WORK INSTRUCTIONS — Output the data below only from the line containing "EarnWithHomeBiz (@deeleemol) 's" up to and including the line containing "80064 Osprey Pass, Tower, MN 55790 - Photo 1", exact and with the pictures left out.

Items from a data source:
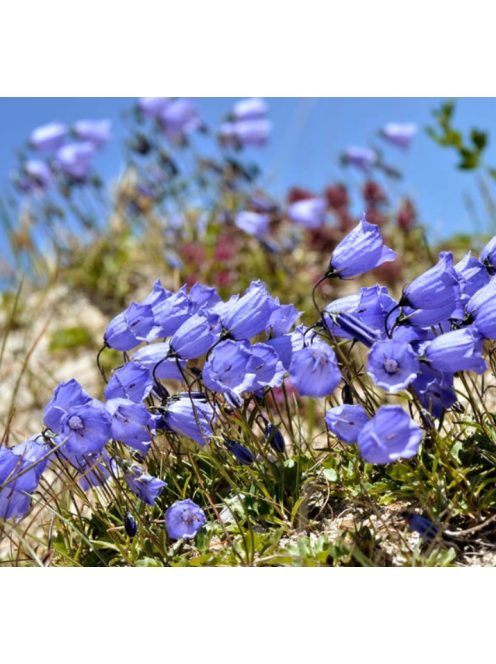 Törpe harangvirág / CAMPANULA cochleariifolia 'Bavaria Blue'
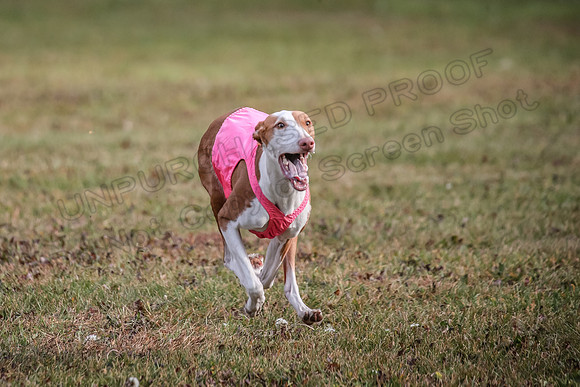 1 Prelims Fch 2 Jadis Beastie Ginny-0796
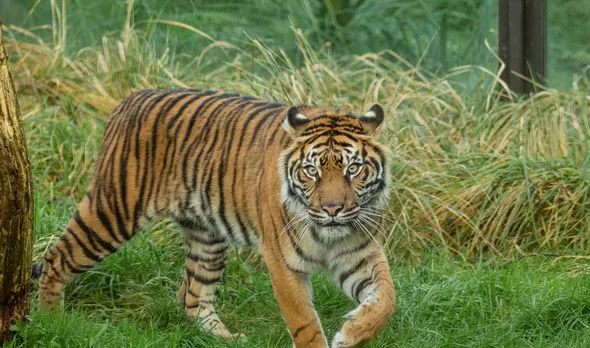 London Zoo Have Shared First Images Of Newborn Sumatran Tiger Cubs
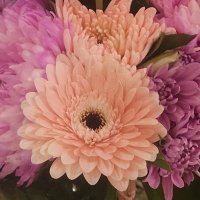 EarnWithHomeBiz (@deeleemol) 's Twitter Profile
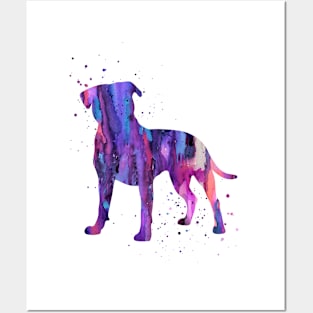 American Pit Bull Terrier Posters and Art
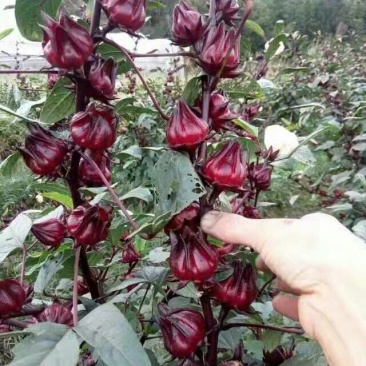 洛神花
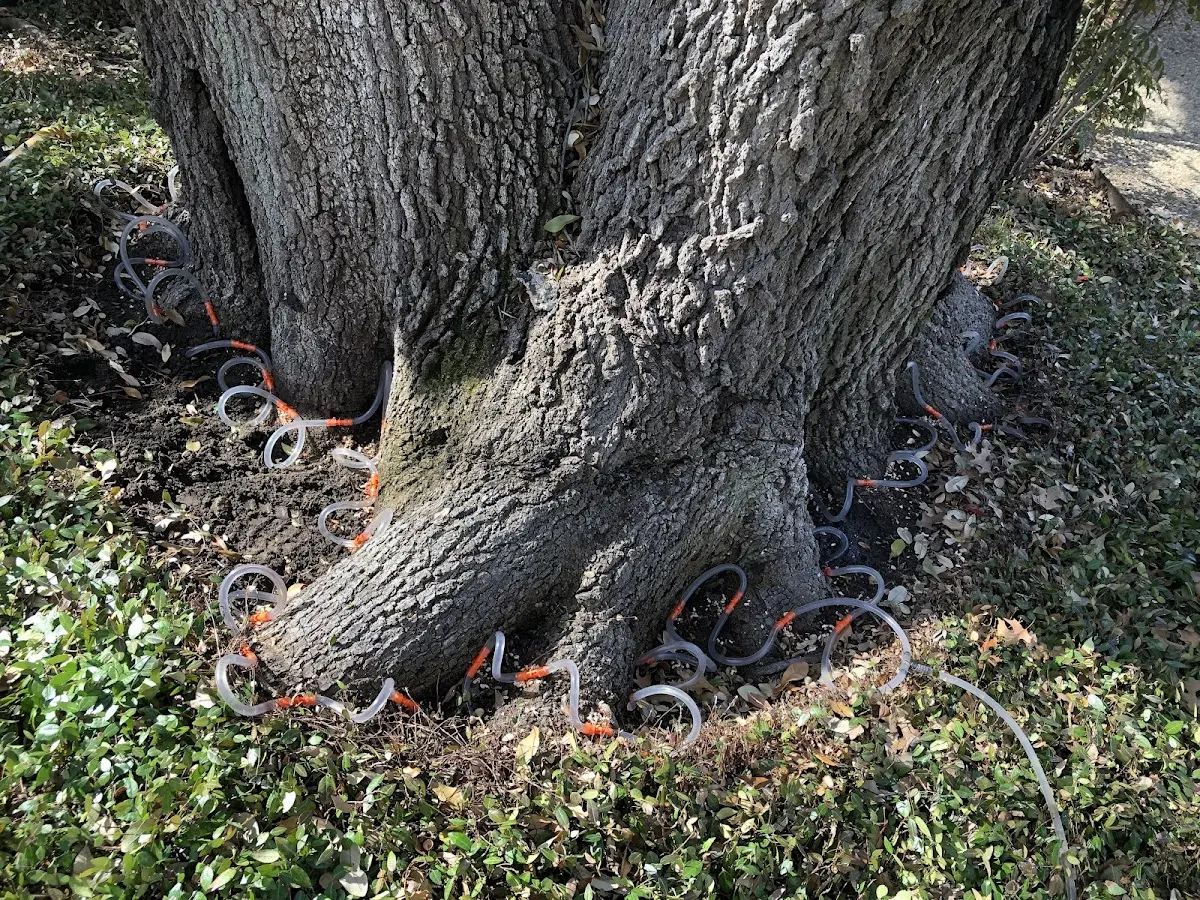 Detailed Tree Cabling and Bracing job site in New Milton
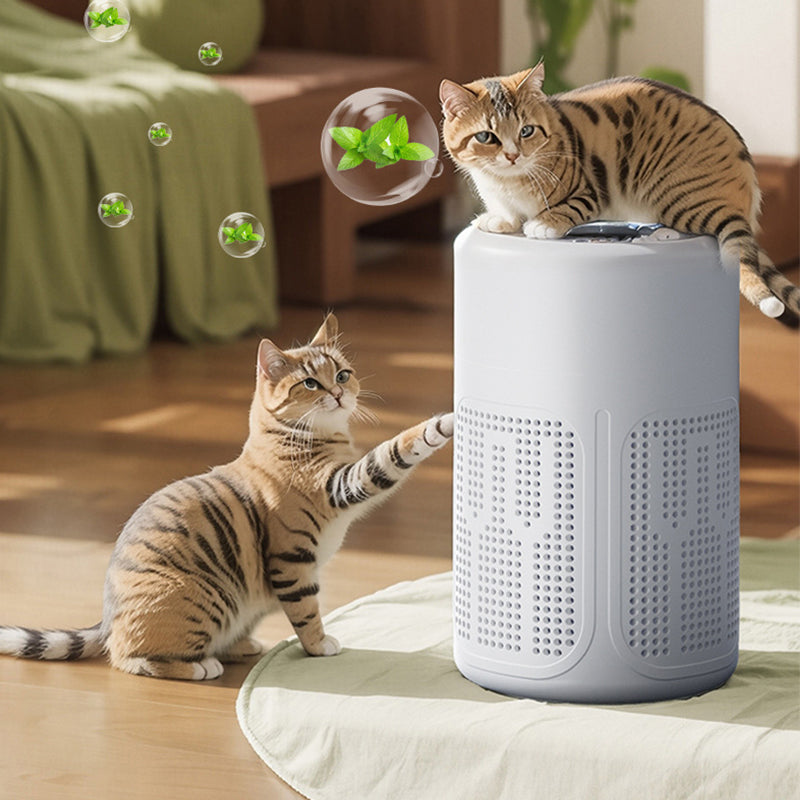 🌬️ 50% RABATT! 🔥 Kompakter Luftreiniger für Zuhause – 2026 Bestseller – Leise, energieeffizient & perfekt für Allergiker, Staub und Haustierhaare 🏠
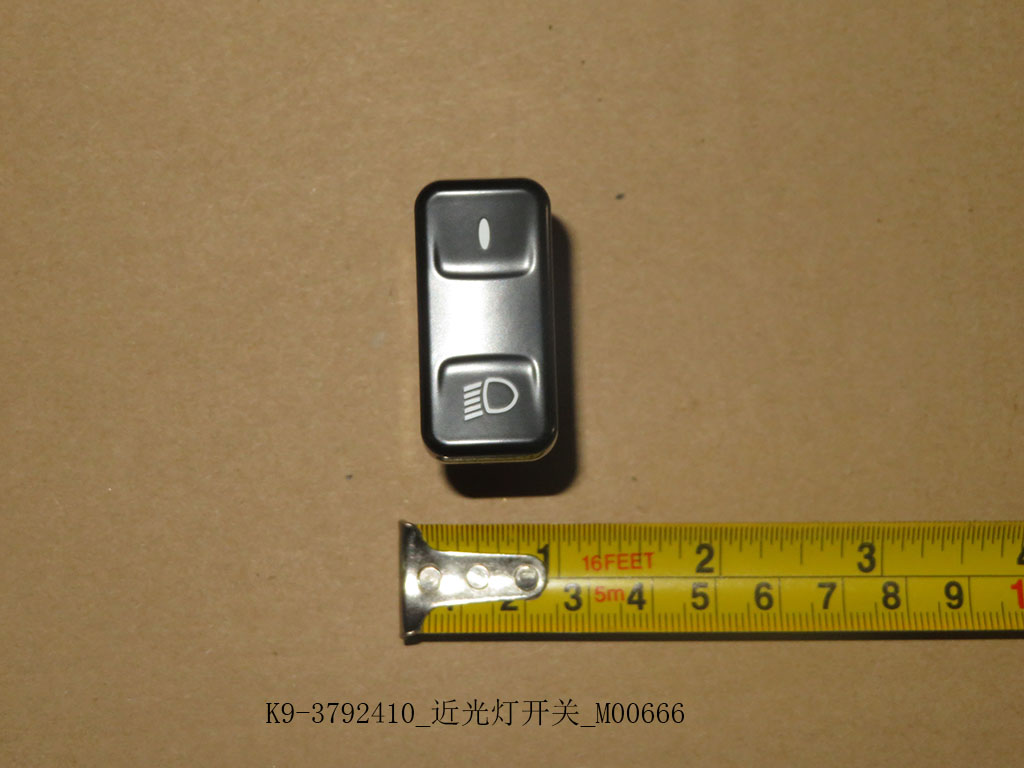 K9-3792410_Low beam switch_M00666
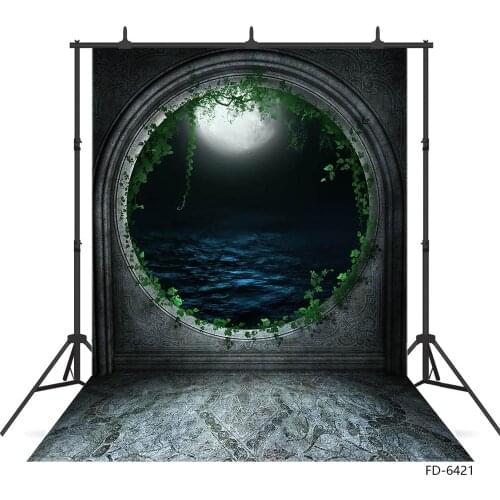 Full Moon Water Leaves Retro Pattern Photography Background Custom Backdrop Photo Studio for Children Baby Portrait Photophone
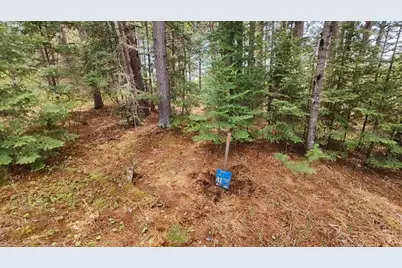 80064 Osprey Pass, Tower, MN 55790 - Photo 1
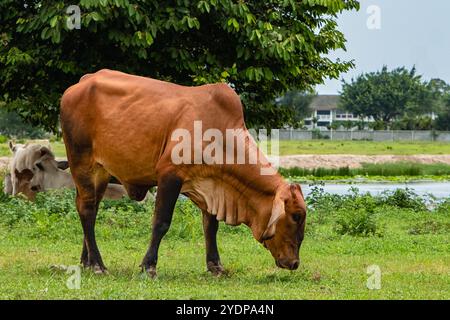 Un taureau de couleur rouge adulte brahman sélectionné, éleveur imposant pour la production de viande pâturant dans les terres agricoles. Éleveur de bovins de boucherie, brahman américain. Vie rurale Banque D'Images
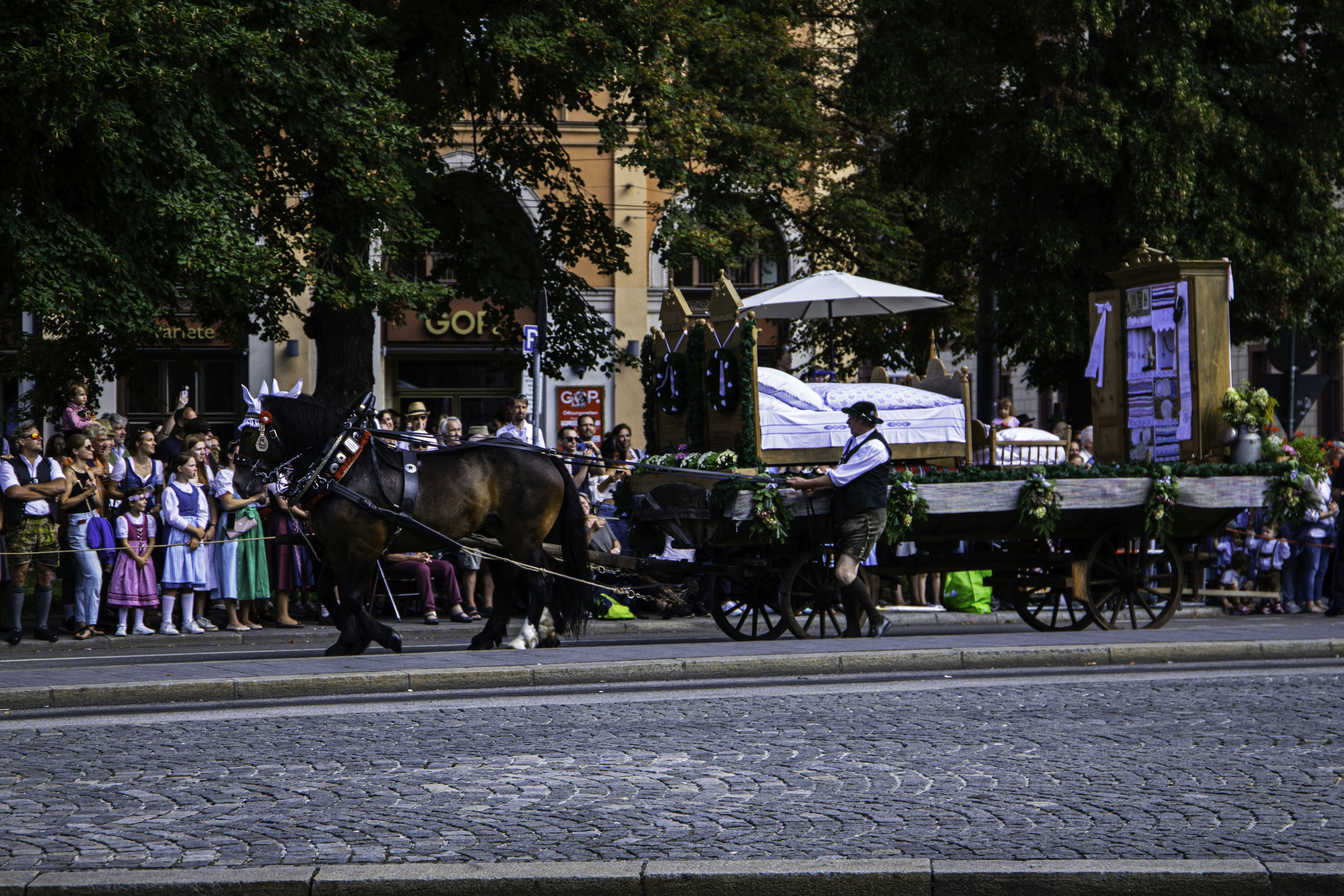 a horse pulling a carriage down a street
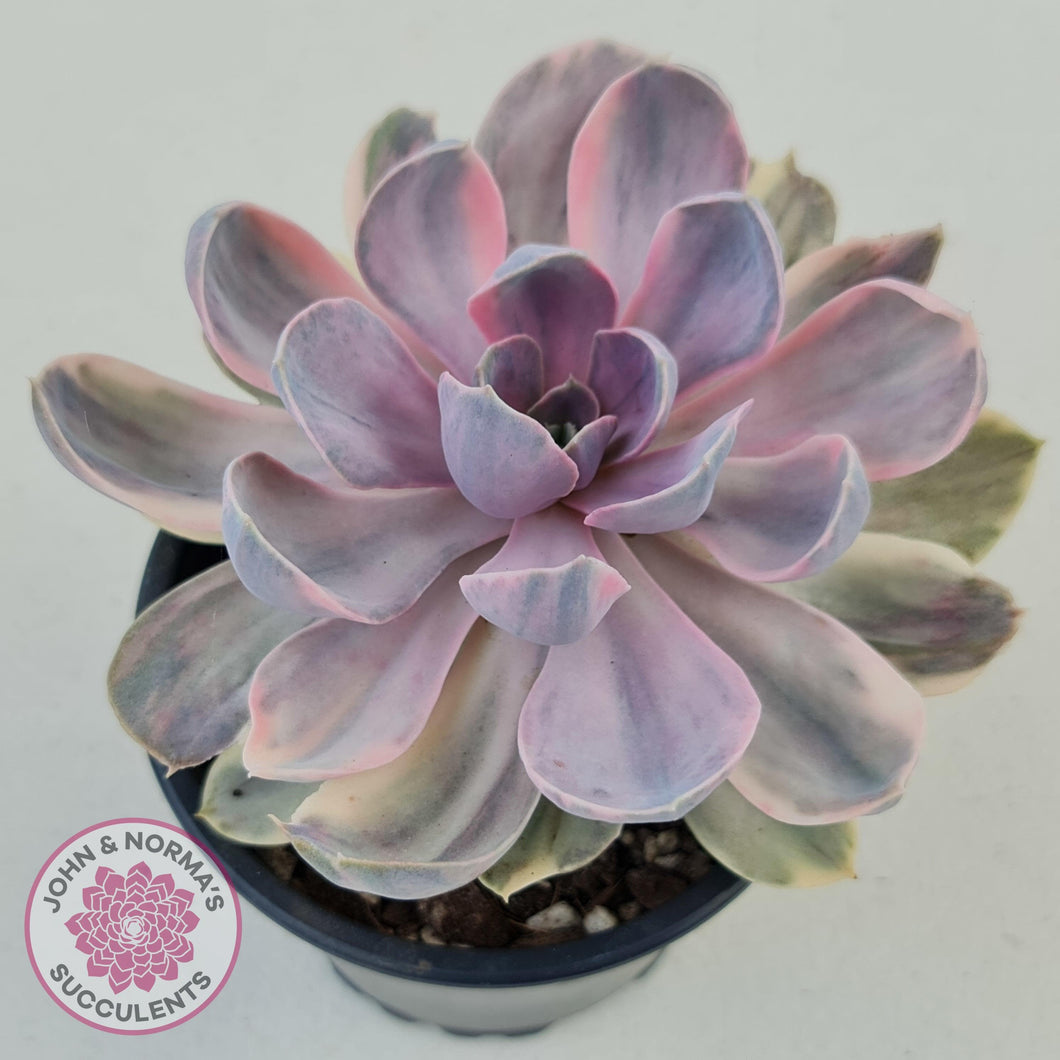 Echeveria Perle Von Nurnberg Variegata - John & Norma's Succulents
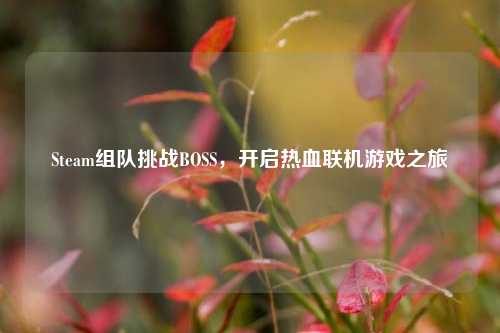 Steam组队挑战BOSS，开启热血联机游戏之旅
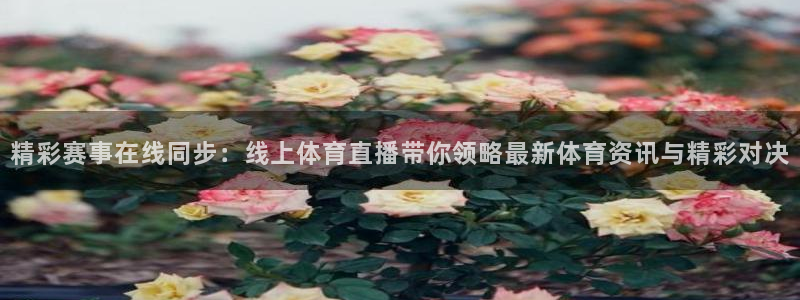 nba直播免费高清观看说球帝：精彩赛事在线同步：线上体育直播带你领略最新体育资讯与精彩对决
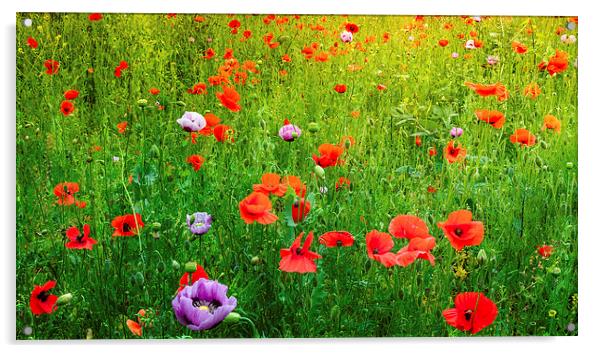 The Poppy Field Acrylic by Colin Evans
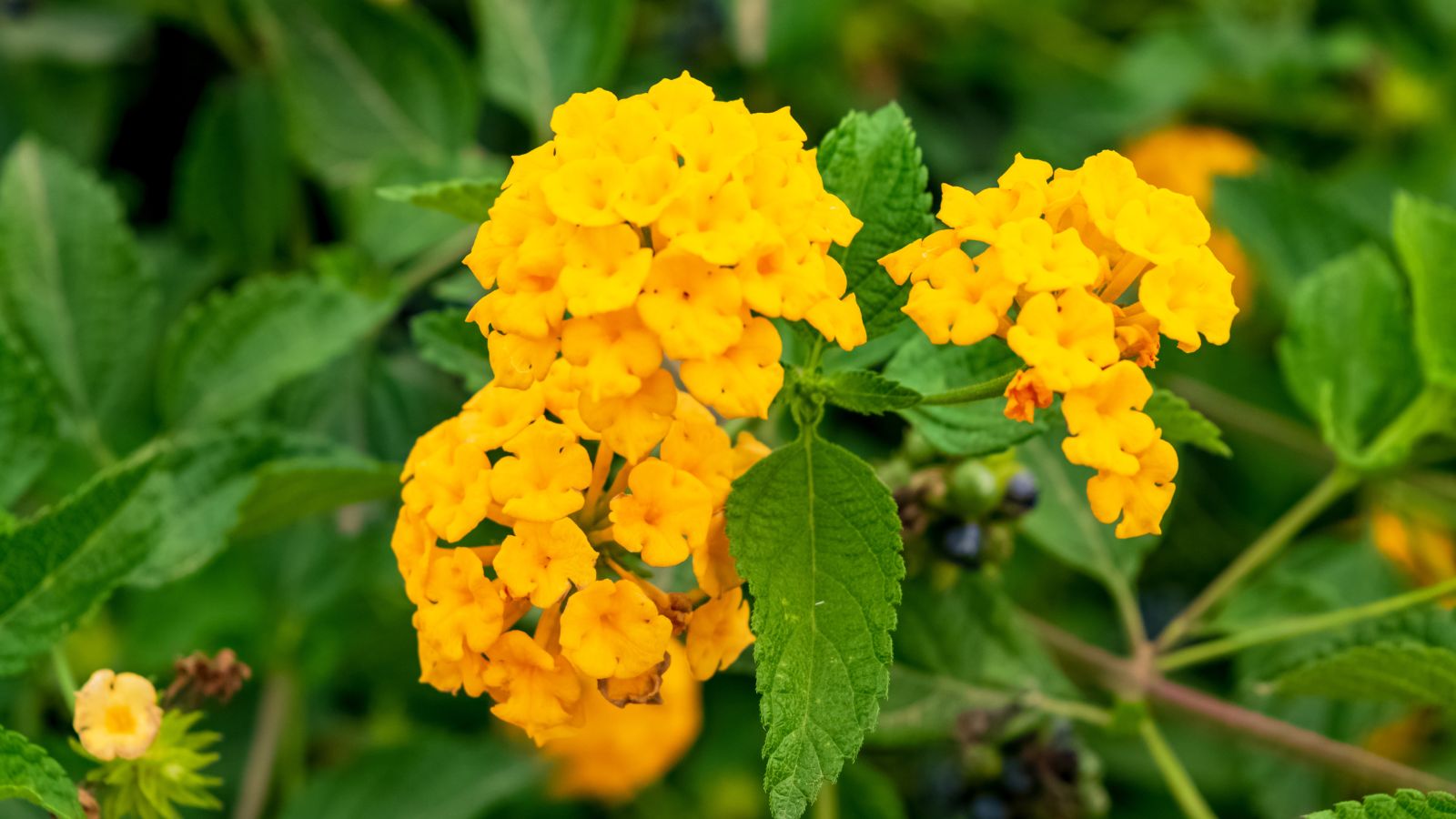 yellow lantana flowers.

WRITTEN SOLUTION —
 EarnWithHomeBiz (@deeleemol) 's Twitter Profile
 American Pit Bull Terrier Posters and Art
 洛神花
 Detailed Tree Cabling and Bracing job site in New Milton
 🌬️ 50% RABATT! 🔥 Kompakter Luftreiniger für Zuhause – 2026 Bestseller – Leise, energieeffizient & perfekt für Allergiker, Staub und Haustierhaare 🏠
 K9-3792410_Low beam switch_M00666
 Full Moon Water Leaves Retro Pattern Photography Background Custom Backdrop Photo Studio for Children Baby Portrait Photophone
 80064 Osprey Pass, Tower, MN 55790 - Photo 1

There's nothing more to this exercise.